Las inculpaciones y los gritos inundaron la sala. Estoico se frotó los ojos exhausto. Estaba siendo un día demasiado largo y, la verdad, se le estaba acabando la paciencia que le solía caracterizar. El interrogatorio a Kaira Gormdsen había sido agotador; ya no solo por su actitud soberbia ante las preguntas del Jefe aún estando encamada, sino que además no le había dado ninguna respuesta que le ayudara a entender qué demonios había pasado la noche anterior. Kaira había jurado y perjurado que ella no recordaba nada de lo acontecido después del mediodía del día anteior y Estoico se había visto abocado a creerla. La anciana no mostraba signos de haber sufrido ningún tipo de agresión ni nada que le hubiera hecho a perder la memoria. Al margen del resfriado del último invierno y unos principios de reuma, Kaira Gormdsen gozaba de una excelente salud y una insoportable hipocondría; por tanto, era muy extraño que hubiera perdido la memoria de forma tan conveniente justo en la tarde en la que había desaparecido los guardias asesinados de la prisión. Estoico era más que consciente que acusar de asesinato a Kaira sería una tremenda estupidez, pero estaba convencido de que la anciana había visto al asesino y que, éste, de alguna forma, había borrado su memoria.

Cómo lo había hecho, no obstante, era un auténtico misterio.

Estoico soltó un largo suspiro y miró de reojo las tablas que se encontraban ante Gothi. ¿Había sido todo causa de la brujería? Sin duda, todo apuntaba que podía serlo, pero admitir aquello conllevaría a tener que asumir consecuencias para las mujeres de su aldea que no estaba dispuesto a aceptar. Sin embargo, dudaba que el Consejo, formado casi al completo por hombres, pensaran lo mismo que él de ser así.

Se preguntó qué haría Valka en su lugar. Su esposa siempre se había impuesto al Consejo, aunque muchos la hubieran tomado por loca en los últimos meses antes de morir a manos de los dragones.
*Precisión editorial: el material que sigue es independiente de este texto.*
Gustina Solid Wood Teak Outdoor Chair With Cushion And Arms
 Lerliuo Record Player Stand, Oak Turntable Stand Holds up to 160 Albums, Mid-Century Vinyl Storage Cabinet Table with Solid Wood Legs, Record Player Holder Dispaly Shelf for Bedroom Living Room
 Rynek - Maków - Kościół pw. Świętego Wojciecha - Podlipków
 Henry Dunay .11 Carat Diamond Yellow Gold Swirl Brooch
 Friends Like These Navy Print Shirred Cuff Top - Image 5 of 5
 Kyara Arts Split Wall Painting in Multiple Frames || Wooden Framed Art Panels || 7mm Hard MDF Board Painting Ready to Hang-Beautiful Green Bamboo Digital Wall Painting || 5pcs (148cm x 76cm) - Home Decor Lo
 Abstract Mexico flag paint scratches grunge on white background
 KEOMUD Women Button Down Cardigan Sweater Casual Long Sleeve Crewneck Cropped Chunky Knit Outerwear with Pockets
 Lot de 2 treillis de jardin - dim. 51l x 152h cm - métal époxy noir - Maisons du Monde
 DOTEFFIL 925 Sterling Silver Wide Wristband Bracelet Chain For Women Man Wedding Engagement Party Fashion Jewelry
El nacimiento prematuro de Hipo había sido traumático para ella; más teniendo en cuenta que su hijo había estado al borde de la muerte durante varias semanas. Estoico no había perdido nunca la fe de que Hipo saldría adelante, pero la desesperación de Valka había sido tal que Estoico ya no sabía qué hacer para consolarla. Se comportaba de forma extraña, errática y paranoica y nunca se separaba de su hijo ni dejaba que casi nadie se acercara a él.